The case where data goes from 0xff to 0x100 is pathological
since every bit changes at once. The system faces the same peril whenever lots
of bits change. 0x0f to 0x10. 0x1f to 0x20. The upper, unchanging data bits will
always latch correctly; but every changing bit is at risk.
Why not use the multiple flip-flop solution? Connect two
input capture registers in series, both driven by the same clock. Though this
will eliminate the illegal logic states and oscillations, the second stage's
output will be random as well.
One option is to ignore metastability and hope for the
best. Or use very fast logic with very narrow set-up/hold time windows to reduce
the odds of failure. If the code samples in the inputs infrequently it's
possible to reduce metastability to one chance in millions or even billions.
Building a safety critical system? Feeling lucky?
It is possible to build a synchronizer circuit that takes a
request for a read from the processor, combines it with a data available bit
from the I/O device, responding with a data-OK signal back to the CPU. This is
non-trivial and prone to errors.
An alternative is to use a different coding scheme for the
I/O device. Buy an encoder with Gray Code output, for example (if you can find
one). Gray Code is a counting scheme where only a single bit changes between
numbers, as follows:
0 000
1 001
2 011
3 010
4 110
5 111
6 101
7 100
Gray code makes sense if, and only if, your code reads the
device faster than it's likely to change, and if the changes happen in a
fairly predictable fashion - like counting up. Then there's no real chance
of more than a single bit changing between reads; if the inputs go metastable
only one bit will be wrong. The result will still be reasonable.
Another solution is to compute a parity or checksum of the
input data before the capture register. Latch that, as well, into the register.
Have the code compute parity and compare it to that read; if there's an error
do another read.
Though I've discussed adding an input capture register,
please don't think that this is the root cause of the problem. Without that
register - if you just feed the asynchronous inputs directly into the CPU -
it's quite possible to violate the processor's innate set-up/hold times.
There's no free lunch; all logic has physical constraints we must honor.
Don't Panic!
Some designs will never have a metastability problem. It
always stems from violating set-up or hold times, which in turn comes from
either poor design or asynchronous inputs.
All of this discussion has revolved around asynchronous
inputs, when the clock and data are unrelated in time. Be wary of anything not
slaved to the processor's clock. Interrupts are a notorious source of
problems. If caused by, say, someone pressing a button, be sure that the
interrupt itself, and the vector-generating logic, don't violate the
processor's set-up and hold times.
But in computer systems most things do happen
synchronously. If you're reading a timer that operates from the CPU's clock,
it is inherently synchronous to the code.
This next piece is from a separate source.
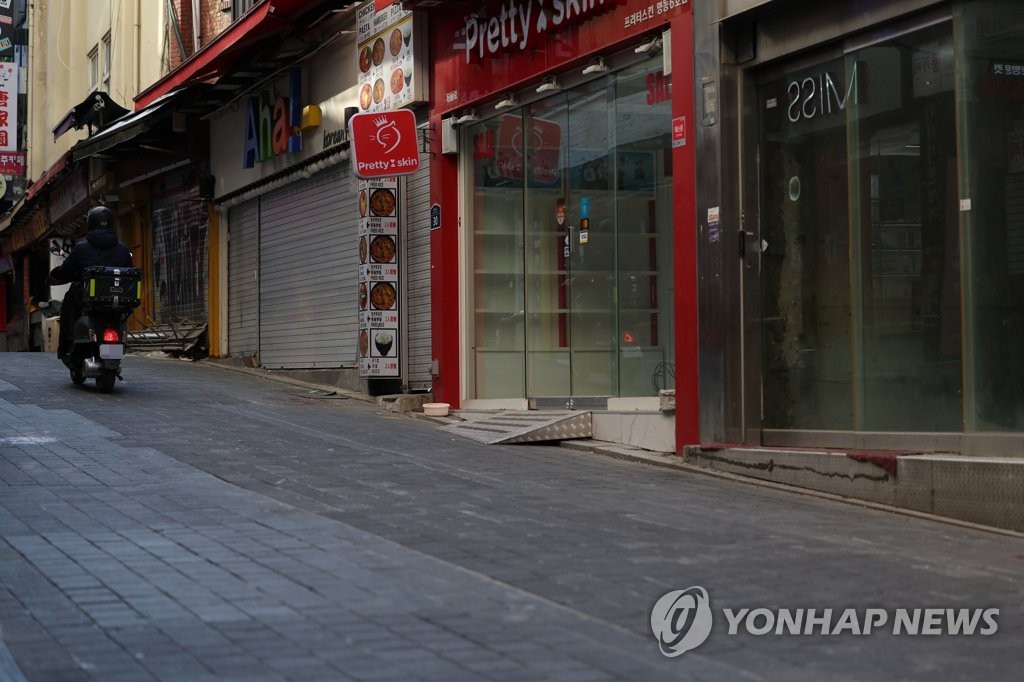This photo, taken Jan. 11, 2022, shows an alley with closed shops at the shopping district of Myeongdong in Seoul amid the pandemic. (Yonhap)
From a metastability standpoint it's
totally safe.
Bad design, though, can plague any electronic system. Every
logic component takes time to propagate data; when a signal traverses many
devices the delays can add up significantly. If the data then goes to a latch
it's quite possible that the delays may cause the input to transition at the
same time as the clock. Instant metastability.
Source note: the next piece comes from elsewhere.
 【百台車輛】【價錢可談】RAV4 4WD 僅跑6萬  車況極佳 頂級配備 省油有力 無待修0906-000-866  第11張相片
Designers are pretty careful to avoid these situations,
though. Do be wary of FPGAs and other components where the delays vary depending
on how the software routes the device. And when latching data or clocking a
counter it's not hard to create a metastability problem by using the wrong
clock edge. Pick the edge that gives the device time to settle before it's
read.
What about analog inputs? Connect a 12 bit A/D converter to
two 8 bit ports and we'd seem to have a similar problem: the analog data can
wiggle all over, changing during the time we read the two ports. However,
there's no need for an input capture register because the converter itself
generally includes a "sample and hold" block, which stores the analog signal
while the A/D digitizes. Most A/Ds then store the digital value till we start
the next conversion.
There's a lot of information about metastability in
circuits. One of the best is a Texas Instruments report (number SDYA006) named
"Metastable Response in 5-V Logic Circuits". The formulas and empirical data
included will help you quantitatively calculate the risks in your designs.
|